(Required work): In the entries below, every line with the string "caps" is to be reported.

(Source records):
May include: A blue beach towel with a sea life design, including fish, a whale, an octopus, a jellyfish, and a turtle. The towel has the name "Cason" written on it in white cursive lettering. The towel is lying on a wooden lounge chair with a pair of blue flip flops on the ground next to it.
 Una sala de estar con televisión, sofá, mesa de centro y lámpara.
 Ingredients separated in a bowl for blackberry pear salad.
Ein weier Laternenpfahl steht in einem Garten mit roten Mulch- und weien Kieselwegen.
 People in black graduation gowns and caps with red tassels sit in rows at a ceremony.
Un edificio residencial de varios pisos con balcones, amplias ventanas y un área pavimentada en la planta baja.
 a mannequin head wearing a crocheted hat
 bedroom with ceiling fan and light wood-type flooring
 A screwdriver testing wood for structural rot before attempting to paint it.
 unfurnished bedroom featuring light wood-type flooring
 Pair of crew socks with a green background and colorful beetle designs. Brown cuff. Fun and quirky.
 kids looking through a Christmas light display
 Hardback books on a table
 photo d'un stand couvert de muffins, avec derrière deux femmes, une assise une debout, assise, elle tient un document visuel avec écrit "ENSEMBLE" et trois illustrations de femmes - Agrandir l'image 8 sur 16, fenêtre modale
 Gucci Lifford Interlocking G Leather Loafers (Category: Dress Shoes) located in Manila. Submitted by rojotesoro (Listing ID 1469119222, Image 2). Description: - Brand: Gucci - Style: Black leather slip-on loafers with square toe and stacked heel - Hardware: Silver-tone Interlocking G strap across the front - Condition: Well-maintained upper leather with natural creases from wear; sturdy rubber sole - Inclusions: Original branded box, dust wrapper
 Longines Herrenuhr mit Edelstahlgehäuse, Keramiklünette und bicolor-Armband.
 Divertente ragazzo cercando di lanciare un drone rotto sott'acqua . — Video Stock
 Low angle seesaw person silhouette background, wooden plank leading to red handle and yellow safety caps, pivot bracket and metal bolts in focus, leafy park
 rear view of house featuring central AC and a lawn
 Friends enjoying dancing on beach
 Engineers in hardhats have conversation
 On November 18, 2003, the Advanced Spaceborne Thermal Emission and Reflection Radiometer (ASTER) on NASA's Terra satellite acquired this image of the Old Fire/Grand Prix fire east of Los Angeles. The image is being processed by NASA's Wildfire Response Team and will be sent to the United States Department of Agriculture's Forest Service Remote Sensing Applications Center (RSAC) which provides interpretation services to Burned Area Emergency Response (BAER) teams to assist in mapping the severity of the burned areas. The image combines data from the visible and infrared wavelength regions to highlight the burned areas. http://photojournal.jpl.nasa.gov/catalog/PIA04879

(Expected answer):
 People in black graduation gowns and caps with red tassels sit in rows at a ceremony.
 Low angle seesaw person silhouette background, wooden plank leading to red handle and yellow safety caps, pivot bracket and metal bolts in focus, leafy park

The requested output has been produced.